11 bans on vaccine mandates — What states have them & which might soon

Ten states have enacted 11 laws with prohibitions on COVID-19 vaccine mandates, according to a July 29 report from the National Academy for State Health Policy.

In seven of these states, the governor has already signed the bills. In three states, the bills have passed in the House of Representative and Senate, but are awaiting the governor's final approval. 

Note: All bills have been signed by the governor unless otherwise noted.

Arizona: Employers must provide reasonable accommodations for employees with sincerely held religious beliefs, practices or observances that prevent them from getting the COVID-19 vaccine. Exceptions can be made if it poses a hardship for business operations. The bill prohibits the establishment of a COVID-19 vaccine passport. However, healthcare institutions can require employees be vaccinated.

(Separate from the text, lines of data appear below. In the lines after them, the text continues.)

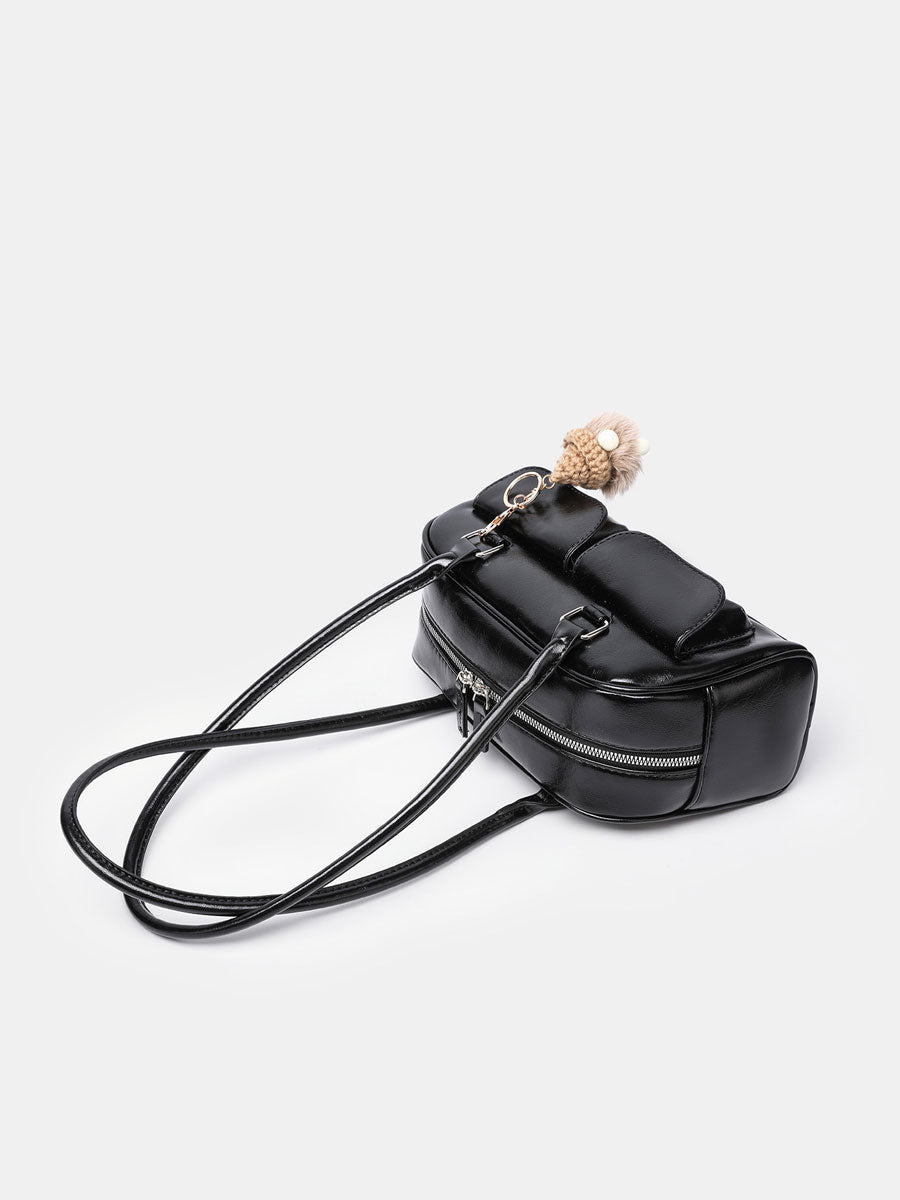 Trendy Patent  Buguette Handbag Brown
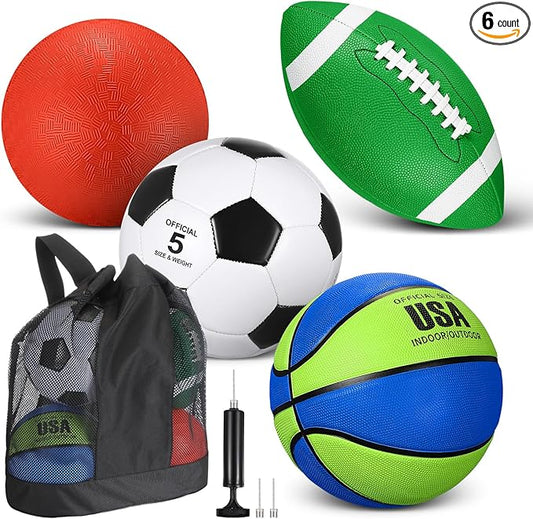 Lenwen 4 Pcs Sports Balls Set, Include Official Size Basketball Soccer Football Playground Ball Pump Equipment Bag for Teen Adult Gift Operation Christmas Ball Gifts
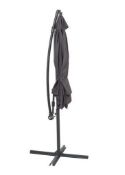 (97/P) RRP £110. 3M Overhanging Parasol Dark Grey. Powder Coated Steel Frame With Polyester Fabri...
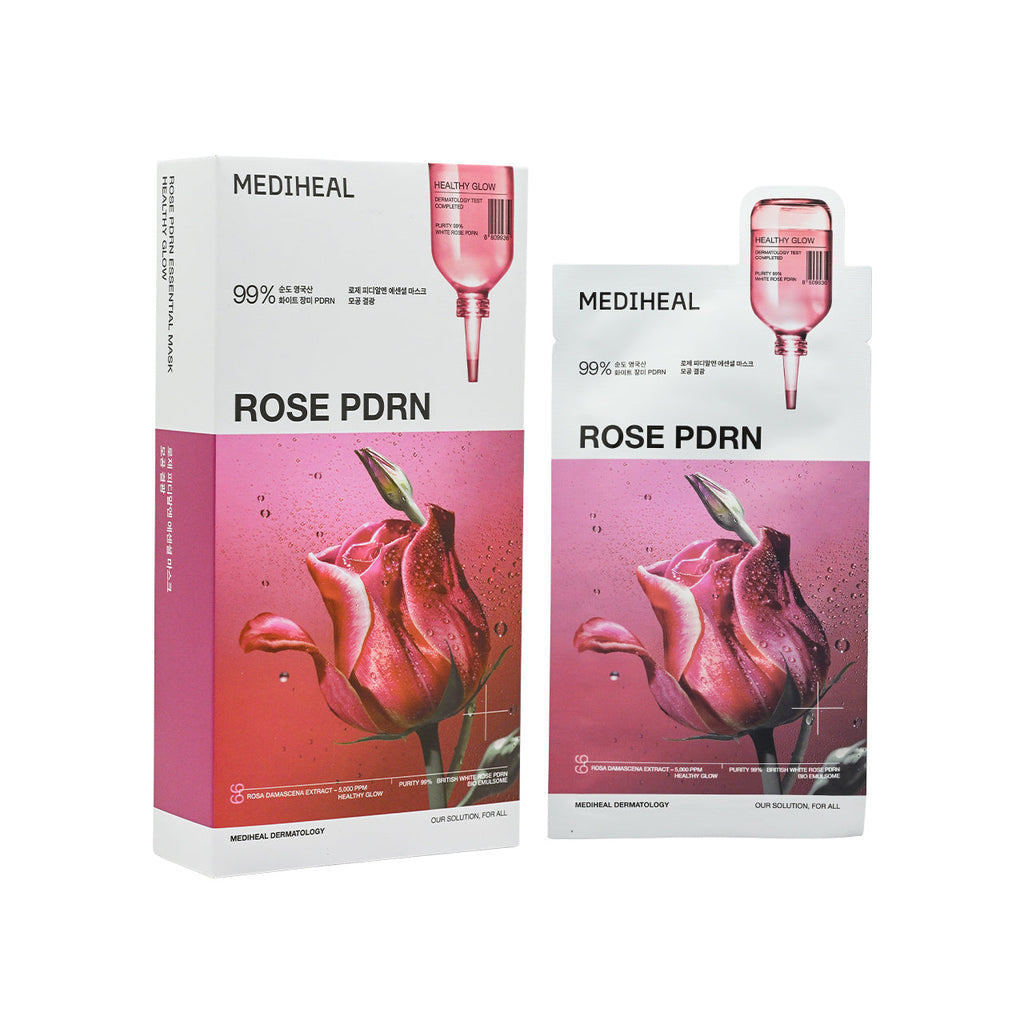 MEDIHEAL 玫瑰 PDRN 精華面膜（Healthy Glow 毛孔亮肌）24ml x 10片 ／ MEDIHEAL Rose PDRN Essential Mask Healthy Glow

Arkansas: State agencies and state officials are prohibited from requiring people to get the COVID-19 vaccine as a condition of employment. These agencies cannot coerce individuals who refuse the vaccine by withholding career advancements, wage increases or insurance discounts.

Michigan: In a bill that passed in both chambers, any entity of the state that receives funding from producing, developing or issuing a COVID-19 vaccine passport is prohibited. Any public funds are prohibited from being used to implement a vaccine mandate program of an employer or state government.

Montana: An employer cannot discriminate against an employee based on their vaccination status. They cannot refuse employment or withhold wage increases based on having a COVID-19 vaccine. An individual cannot be required to get a vaccine that only has emergency use authorization or is undergoing safety trials.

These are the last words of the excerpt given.